The earliest direct evidence for the existence of a Jewish–Christian gospel comes from three Christian writers who lived in the second largest city in the
Roman Empire, Alexandria in Egypt: Clement of Alexandria, Origen, and Didymus the Blind. These figures spanned different periods from the late 2nd century to the beginning of the 4th century. Their combined references to the Gospel according to the Hebrews suggest that this Jewish–Christian gospel enjoyed a certain longevity in Alexandria, perhaps due to the presence of a large and diverse Jewish population. By contrast, most of the material identified as belonging to the Gospel of the Nazoraeans comes from a single source – Jerome’s Commentary on Matthew. Jerome presents anumber of traditions in his Commentary which he claims to have translated from a Hebrew or Aramaic source into Greek.
The Gospel called according to the Hebrews which was recently translated by me into Greek and Latin, which Origin frequently uses, records the resurrection of the Saviour.
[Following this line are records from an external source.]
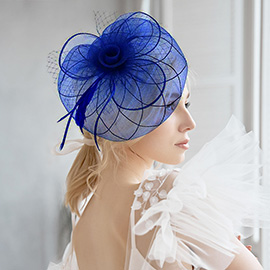 Feather Mesh Flower Fascinator / Headband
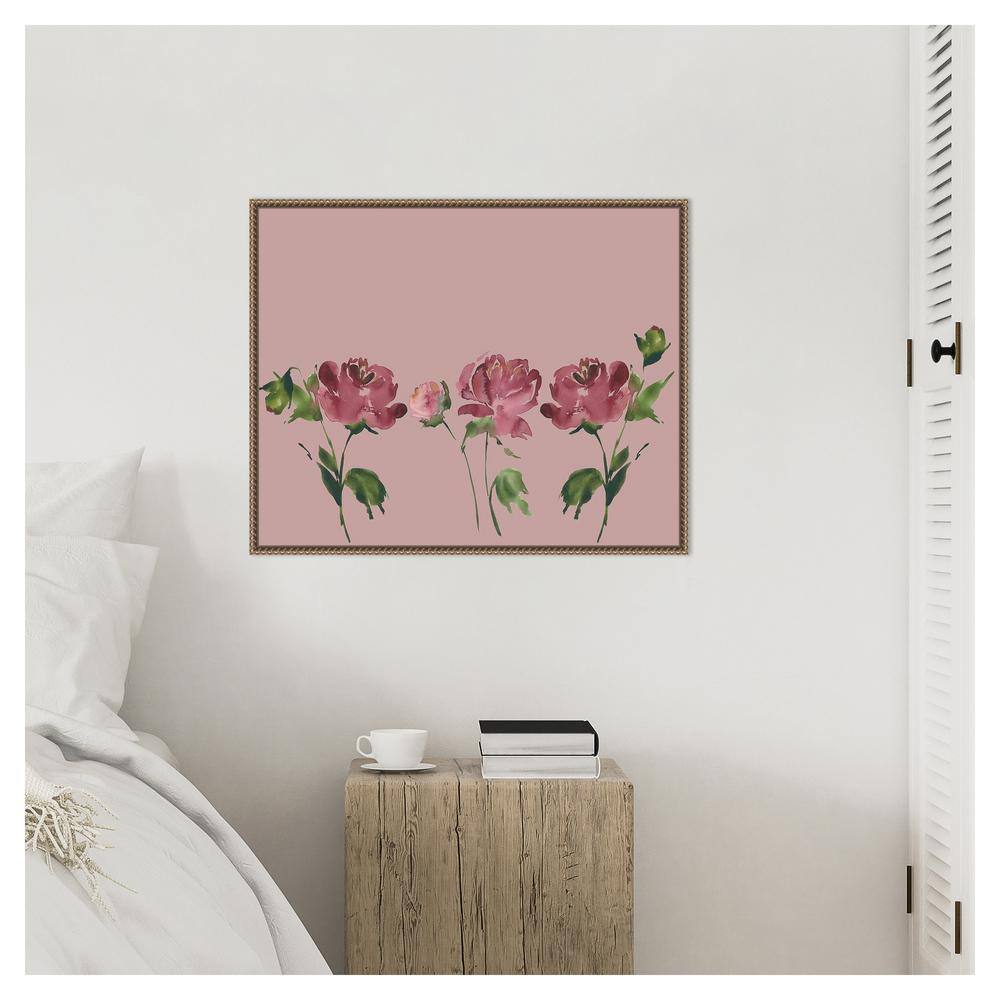 Mauve Peonies Beaded Bronze Framed Canvas Wall Art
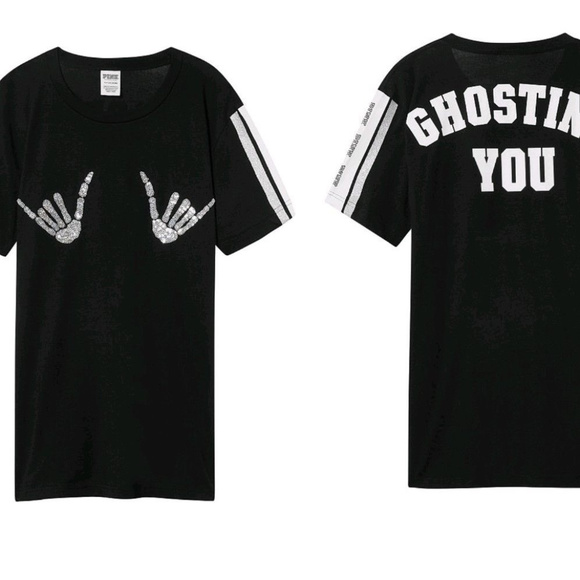 Victoria's Secret Pink Bling Halloween Tee Ghostin - Picture 2 of 4
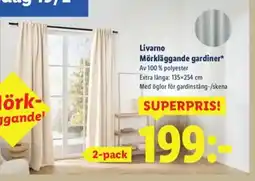 Lidl Livarno Mörkläggande gardiner erbjuda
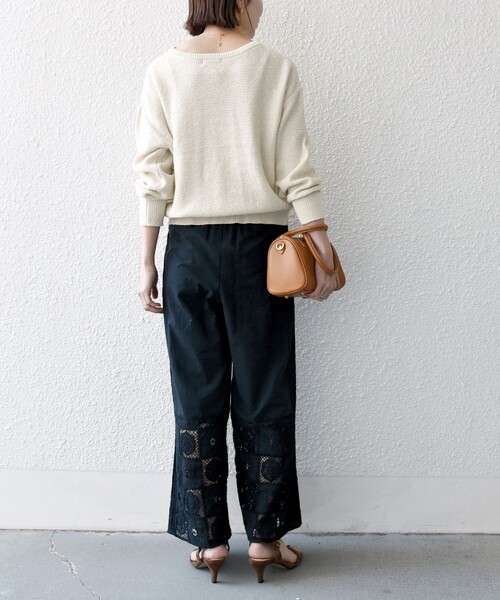 SHIPS any（シップス エニィ）の「SHIPS any:〈手洗い可能〉パッチワーク レース セミワイド イージー パンツ（その他パンツ・レディース・ブラック/オフホワイト・ONE SIZE）」の19枚目の写真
And when the Lord had given the linen cloth to the servant of the priest, he went to James and appeared to him. For James had sworn that he would not eat bread from the hour in which he had drunk the cup of the Lord until he should see him risen from among them that sleep. And shortly thereafter the Lord said: Bring a table and bread! And immediately it is added: he took the bread, blessed it and brake it and gave it to James the Just and said to him: My brother, eat your bread, for the Son of Man is risen from among them that sleep.